Davendale hesitated. Then: ‘Are you all right, Susan?’ With great conviction, I said, ‘I’m happier than I’ve ever been. Life is good, Louis.’

‘You do sound happy,’ he admitted.

From having read her diary, I knew that Susan had never shared with this attorney the ugly story of what her father had done to her and that Davendale nevertheless suspected a dark side to their relationship.

So I played on his suspicions and referenced the truth: ‘1 don’t really know why I stayed so long here after Father’s death, all these years in a place with so many. so many bad memories. At times I was almost agoraphobic, afraid to go beyond my own front door. And then more bad memories with Alex. It was as if I were… spellbound. And now I’m not.’

‘Where will you go?’

‘Everywhere. I want to drive all over the country. I want to see the Painted Desert, the Grand Canyon, New Orleans and the bayou country, the Rockies and the great plains and Boston in the autumn and the beaches of Key West in sunshine and thunderstorms, eat fresh salmon in Seattle and a hero sandwich in Philadelphia and crab cakes in Mobile, Alabama. I’ve virtually lived my life in this box.. in this damn house, and now I want to see and smell and touch and hear and taste the whole world firsthand, not in the form of digitised data, not merely through video and books. I want to be immersed in it.’

‘God, that sounds wonderful,’ Davendale said. ‘I wish I were young again. You make me want to throw off the traces and hit the road myself.’
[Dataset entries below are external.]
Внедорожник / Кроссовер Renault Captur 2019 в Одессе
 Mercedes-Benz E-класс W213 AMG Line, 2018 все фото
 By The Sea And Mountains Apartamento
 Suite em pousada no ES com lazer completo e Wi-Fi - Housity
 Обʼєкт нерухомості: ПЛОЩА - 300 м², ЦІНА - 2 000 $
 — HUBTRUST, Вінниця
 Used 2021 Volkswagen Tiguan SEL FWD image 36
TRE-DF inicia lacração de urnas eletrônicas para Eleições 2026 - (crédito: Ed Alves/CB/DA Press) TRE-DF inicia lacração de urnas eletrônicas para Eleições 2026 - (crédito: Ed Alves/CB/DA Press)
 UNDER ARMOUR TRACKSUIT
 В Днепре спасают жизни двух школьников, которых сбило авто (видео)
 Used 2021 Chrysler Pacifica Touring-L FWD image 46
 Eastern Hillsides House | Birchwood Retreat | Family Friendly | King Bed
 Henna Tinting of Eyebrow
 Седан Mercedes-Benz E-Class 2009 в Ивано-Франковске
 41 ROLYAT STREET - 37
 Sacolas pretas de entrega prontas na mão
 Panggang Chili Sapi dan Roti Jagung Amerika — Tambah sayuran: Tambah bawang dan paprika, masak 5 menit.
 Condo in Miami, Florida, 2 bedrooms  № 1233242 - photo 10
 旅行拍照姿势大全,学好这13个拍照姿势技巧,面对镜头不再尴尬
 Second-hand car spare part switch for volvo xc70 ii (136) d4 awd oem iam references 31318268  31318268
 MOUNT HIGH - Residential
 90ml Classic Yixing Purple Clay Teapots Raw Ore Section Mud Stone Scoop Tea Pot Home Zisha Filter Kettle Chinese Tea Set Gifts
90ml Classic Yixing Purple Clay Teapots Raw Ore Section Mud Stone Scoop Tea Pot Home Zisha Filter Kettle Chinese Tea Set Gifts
‘We only go around once, Louis.’

‘And it’s a damn short trip. Listen, Susan, I handle the affairs of a lot of wealthy people, some of them even important people in one field or another, but only a few of them are also nice people, genuinely nice, and you’re far and away the nicest of them all. You deserve whatever happiness waits for you out there. I hope you find a lot of it.’

‘Thank you, Louis. That’s very sweet.’

When we disconnected a moment later, I felt a flush of pride in my acting talent.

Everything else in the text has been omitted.